I calculated that moving to university would be a good career move in terms of developing myself professionally because a university position carries some kudos. It is a good way of developing one's professional profile, and opens unique opportunities, such as research and access to cutting-edgetechnology.
The biggest problem with choosing to move from private practice to university was the pay cut – my salary reduced by about half, and although I'm not a particularly materialistic person, this took a bit of adjusting to. However, with a young family, I knew that I was unlikely to be able to afford to move from private practice to university in the future because of the financial pressures. It was a ‘now or never’ moment.
Having worked at the RVC for nearly three years, how are things going? Has the move back to university been worth it? Yes, it most definitely has. I really enjoy my job.
The students are as stimulating; the pleasure in seeing them learn and being able to teach them something and pass on knowledge and skills is undiminished. I love the challenge of the clinical work, in particular working with the residents and interns, playing my part in their development and education as budding young surgeons.
My faculty colleagues are great to work with – they're inspiring, friendly, accommodating, know the meaning of teamwork, and have a diverse range of interests with a common goal.
The nurses are brilliant; they work to the highest standards, and they rank among the best that I have worked with. Although my job description does not have a research emphasis, I have developed a number of small research projects that represent a completely different but refreshing challenge. The job has also presented many extra opportunities that I may not otherwise have had – for example, invitations to speak, lecture, write articles, be on committees and other such activities.

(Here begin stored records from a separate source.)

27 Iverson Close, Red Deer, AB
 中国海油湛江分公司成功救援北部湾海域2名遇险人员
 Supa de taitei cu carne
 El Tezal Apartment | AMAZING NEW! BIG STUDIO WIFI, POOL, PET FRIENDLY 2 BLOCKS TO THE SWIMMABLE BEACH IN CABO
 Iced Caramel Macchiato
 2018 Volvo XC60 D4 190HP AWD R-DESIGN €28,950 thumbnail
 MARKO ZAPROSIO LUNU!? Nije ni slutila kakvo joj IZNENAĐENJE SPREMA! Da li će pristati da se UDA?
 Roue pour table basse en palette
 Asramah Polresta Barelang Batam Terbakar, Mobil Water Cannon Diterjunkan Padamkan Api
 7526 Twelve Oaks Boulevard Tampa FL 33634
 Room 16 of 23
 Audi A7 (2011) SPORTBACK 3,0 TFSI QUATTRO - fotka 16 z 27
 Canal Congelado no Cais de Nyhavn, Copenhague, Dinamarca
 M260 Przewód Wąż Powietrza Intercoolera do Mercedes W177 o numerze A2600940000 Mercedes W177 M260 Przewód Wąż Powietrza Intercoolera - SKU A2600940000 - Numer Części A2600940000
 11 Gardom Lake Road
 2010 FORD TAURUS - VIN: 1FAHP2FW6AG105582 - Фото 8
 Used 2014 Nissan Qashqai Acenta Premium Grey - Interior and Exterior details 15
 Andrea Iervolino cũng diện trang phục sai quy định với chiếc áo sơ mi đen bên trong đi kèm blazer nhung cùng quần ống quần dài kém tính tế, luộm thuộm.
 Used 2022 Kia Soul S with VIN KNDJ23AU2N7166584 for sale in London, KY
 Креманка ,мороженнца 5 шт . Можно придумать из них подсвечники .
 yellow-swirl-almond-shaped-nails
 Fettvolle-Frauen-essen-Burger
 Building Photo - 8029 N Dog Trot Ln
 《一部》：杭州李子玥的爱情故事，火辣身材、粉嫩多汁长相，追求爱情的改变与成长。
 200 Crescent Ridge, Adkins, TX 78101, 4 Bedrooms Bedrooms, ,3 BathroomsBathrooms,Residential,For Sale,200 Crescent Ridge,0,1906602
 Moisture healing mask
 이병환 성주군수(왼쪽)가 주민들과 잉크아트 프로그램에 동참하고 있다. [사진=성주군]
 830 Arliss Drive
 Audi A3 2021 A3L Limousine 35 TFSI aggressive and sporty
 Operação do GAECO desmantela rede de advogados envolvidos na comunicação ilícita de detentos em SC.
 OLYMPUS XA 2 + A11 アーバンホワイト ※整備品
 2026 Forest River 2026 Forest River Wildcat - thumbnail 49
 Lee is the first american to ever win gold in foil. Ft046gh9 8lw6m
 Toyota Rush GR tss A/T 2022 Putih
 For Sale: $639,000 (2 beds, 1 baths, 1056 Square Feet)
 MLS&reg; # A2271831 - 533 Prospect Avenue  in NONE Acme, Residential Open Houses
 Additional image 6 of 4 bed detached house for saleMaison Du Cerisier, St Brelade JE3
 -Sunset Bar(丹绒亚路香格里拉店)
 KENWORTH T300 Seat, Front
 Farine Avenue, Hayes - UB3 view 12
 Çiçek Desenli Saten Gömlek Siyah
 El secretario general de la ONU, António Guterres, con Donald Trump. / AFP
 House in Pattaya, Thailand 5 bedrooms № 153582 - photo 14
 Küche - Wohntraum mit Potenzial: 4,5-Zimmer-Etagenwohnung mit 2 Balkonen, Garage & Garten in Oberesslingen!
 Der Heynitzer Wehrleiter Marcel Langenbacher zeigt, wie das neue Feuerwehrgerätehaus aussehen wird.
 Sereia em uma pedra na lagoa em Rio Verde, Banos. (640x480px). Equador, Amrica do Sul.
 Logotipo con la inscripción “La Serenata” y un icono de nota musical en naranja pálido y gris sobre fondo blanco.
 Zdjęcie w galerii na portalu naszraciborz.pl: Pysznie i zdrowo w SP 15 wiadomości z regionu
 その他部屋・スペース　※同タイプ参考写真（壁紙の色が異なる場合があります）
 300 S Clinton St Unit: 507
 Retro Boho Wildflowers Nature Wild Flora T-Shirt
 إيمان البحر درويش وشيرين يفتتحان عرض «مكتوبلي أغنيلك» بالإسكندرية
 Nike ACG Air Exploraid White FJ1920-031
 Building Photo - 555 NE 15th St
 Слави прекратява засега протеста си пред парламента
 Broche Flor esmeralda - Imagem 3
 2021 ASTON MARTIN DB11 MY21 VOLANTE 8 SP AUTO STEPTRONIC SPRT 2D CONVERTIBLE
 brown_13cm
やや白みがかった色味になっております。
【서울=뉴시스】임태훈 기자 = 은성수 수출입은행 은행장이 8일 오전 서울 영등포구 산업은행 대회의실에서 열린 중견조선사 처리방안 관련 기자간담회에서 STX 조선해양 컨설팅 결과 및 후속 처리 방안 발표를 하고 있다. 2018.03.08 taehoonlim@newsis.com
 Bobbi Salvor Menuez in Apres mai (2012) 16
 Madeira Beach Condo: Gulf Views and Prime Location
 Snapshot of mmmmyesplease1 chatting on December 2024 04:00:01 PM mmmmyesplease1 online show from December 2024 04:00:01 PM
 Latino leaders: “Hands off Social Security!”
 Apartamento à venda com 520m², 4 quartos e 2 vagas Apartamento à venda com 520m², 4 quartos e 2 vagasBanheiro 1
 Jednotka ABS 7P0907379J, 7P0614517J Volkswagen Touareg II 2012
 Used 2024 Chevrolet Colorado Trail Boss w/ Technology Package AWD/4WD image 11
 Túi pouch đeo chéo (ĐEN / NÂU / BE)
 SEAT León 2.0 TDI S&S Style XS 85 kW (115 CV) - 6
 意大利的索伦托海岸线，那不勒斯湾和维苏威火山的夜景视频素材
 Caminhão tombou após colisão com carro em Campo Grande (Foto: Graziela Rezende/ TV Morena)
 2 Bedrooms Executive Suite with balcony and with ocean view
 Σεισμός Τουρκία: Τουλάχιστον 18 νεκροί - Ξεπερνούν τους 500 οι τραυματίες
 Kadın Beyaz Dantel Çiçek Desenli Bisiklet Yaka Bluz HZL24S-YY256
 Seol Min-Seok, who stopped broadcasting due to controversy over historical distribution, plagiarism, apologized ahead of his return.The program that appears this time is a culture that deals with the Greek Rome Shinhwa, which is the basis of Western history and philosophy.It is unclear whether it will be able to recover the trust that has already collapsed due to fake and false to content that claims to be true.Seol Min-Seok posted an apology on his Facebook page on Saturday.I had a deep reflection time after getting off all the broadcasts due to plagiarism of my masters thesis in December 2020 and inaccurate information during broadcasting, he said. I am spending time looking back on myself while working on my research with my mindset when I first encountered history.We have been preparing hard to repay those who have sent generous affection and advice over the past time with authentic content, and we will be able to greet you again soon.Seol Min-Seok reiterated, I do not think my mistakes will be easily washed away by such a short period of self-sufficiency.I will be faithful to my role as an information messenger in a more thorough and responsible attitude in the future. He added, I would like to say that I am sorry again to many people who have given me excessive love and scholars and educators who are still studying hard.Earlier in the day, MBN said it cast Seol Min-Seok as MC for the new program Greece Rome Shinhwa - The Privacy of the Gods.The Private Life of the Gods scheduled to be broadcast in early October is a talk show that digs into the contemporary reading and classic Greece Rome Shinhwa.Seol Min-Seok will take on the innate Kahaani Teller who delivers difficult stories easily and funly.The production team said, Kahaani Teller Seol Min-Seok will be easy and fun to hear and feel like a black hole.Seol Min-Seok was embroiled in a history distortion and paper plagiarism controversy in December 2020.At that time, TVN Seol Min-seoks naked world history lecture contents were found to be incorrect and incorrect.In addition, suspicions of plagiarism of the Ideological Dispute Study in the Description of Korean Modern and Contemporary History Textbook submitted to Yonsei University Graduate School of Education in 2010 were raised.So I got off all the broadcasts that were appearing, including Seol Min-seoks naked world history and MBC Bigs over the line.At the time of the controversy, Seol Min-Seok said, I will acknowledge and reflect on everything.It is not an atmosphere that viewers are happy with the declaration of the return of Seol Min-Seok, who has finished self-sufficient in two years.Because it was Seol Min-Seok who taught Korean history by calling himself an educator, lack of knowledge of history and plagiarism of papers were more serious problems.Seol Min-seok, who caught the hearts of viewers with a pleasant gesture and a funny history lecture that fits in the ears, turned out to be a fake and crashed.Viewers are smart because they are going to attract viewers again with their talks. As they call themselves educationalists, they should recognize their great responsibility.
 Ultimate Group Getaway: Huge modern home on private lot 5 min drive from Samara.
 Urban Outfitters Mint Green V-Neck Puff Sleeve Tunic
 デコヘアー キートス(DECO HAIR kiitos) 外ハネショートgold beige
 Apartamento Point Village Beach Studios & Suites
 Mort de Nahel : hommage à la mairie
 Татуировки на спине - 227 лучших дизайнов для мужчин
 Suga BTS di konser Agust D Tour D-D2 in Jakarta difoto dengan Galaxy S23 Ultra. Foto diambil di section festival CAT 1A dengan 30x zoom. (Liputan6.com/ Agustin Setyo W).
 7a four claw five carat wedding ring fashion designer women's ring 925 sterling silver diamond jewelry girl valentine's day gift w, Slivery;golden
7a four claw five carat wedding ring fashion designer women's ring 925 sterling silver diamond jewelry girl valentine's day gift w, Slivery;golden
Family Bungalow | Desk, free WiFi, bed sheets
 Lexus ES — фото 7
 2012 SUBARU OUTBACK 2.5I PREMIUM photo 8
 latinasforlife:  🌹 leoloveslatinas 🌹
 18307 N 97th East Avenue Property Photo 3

Is the job perfect and brilliant? Are there absolutely no problems? Of course not: no job is perfect. The biggest frustration is that there is so much to do and not enough time. The clinical and teaching workload is so busy that there is very little free time. My original intention was to complete much more research than I've been able to. One-third of my time is ‘off clinics’, which is not ‘free’ time, as it is consumed by extra duties, such as tutoring students, writing and marking exam questions, writing or presenting lectures, organising CPD courses, or attending meetings. The longer you're in the job, the more extra jobs and responsibilities you accumulate, and, before you know it, you suddenly have more responsibilities than you feel able to cope with! This doesn't sit particularly comfortably with me as I like to complete a task as soon as possible, but now I have long ‘to-do’ lists and precious little time in which to do them.
It seems to me that the general view is that a university job is a relatively cushy number, but in my experience is this is not true. I'm currently working harder than I have before, including taking work home.
Considering a switch?
My advice to anybody who's considering a switch – if you're so inclined and can afford to – is do it now. The opportunities that a university position can offer are unrivalled and plentiful. You don't have to do it forever, and if you don't like it, there's likely to be a good job in private practice you can return to!